The 51-year-old federal appellate judge was appointed on Thursday to the lifetime post on the US’s top court following a 53- 47 vote in the Senate.
Three Republicans – Susan Collins of Maine, Lisa Murkowski of Alaska and Mitt Romney of Utah – backed her confirmation along with all Democrats.
The confirmation represented a victory for US president Joe Biden who had made a promise while campaigning for the White House to appoint a black woman to the supreme court.
The appointment of Ms Jackson will not change the complexion of the court which has a solid conservative majority. She will replace 83-year-old Stephen Breyer who was one of the liberal bloc on the court.
Mr Breyer is due to serve until the court’s current term ends – usually in late June – and Ms Jackson will be formally sworn in after that.
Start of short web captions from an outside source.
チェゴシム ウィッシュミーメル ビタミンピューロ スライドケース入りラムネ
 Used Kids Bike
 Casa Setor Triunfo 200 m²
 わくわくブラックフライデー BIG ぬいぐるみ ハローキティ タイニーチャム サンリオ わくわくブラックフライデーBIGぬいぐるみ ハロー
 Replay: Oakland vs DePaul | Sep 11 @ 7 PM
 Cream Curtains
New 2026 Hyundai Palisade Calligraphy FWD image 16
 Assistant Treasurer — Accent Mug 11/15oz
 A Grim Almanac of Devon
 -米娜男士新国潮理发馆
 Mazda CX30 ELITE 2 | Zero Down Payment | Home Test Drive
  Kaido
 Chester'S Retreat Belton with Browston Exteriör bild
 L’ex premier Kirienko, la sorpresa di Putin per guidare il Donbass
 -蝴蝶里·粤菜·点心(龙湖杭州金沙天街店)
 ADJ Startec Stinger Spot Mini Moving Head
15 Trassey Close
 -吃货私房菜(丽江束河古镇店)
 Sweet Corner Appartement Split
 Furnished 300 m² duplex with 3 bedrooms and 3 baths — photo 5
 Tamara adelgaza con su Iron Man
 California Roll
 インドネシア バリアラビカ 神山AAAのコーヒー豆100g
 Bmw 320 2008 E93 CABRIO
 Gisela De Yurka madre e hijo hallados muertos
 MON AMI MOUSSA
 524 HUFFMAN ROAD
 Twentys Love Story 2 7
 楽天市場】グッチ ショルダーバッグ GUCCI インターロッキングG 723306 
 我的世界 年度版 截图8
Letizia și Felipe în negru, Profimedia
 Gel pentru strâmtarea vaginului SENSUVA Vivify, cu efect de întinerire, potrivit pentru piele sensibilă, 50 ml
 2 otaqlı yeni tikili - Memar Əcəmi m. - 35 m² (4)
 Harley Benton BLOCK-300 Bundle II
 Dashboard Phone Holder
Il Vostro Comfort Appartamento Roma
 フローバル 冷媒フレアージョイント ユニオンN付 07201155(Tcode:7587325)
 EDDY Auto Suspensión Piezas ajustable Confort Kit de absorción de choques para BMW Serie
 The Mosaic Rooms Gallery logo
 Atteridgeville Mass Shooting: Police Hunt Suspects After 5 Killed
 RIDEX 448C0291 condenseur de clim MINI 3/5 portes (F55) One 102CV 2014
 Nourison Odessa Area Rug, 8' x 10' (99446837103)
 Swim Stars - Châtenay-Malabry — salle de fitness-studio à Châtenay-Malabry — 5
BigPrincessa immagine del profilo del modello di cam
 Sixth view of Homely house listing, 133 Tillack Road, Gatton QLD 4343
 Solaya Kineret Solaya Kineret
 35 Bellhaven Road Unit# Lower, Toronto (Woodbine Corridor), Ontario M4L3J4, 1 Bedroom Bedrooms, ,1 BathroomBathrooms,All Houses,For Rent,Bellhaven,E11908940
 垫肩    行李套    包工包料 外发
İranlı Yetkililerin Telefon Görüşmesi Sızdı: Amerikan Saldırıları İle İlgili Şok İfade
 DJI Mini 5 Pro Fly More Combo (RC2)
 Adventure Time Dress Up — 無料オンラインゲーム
Democrat Raphael Warnock, one of the Senate’s three black members, said in debate before the vote: “I’m the father of a young black girl. I know how much it means for Judge Jackson to have navigated the double jeopardy of racism and sexism to now stand in the glory of this moment. . . Seeing Judge Jackson ascend to the supreme court reflects the promise of progress on which our democracy rests. What a great day it is in America.”
During the confirmation hearing, a number of Republicans in the Senate strongly criticised Ms Jackson over her sentencing policy and maintained that she would be an “activist” judge and soft on crime.
Ms Jackson promised she would be an independent justice.
Kamala Harris, the first black woman to serve as US vice-president, presided over the Senate vote as Ms Jackson was confirmed to serve on the supreme court. Ms Harris called for the final vote on Ms Jackson’s nomination with a smile on her face, and the chamber broke into loud applause when the appointment was confirmed.
“Today, we are taking a giant, bold and important step on the well-trodden path to fulfilling our country’s founding promises,” Senate majority leader Chuck Schumer said just before the final vote. “This is a great moment for Judge Jackson. But it is an even greater moment for America as we rise to a more perfect union.”
However, ahead of the vote, Republican Senate minority leader Mitch McConnell urged Ms Jackson to embrace the textualist approach to the constitution of conservative justices.
“The soon-to-be justice can either satisfy her radical fan club or help preserve the judiciary that Americans need, but not both. I’m afraid the nominee’s record tells us which is likely, but I hope Judge Jackson proves me wrong.”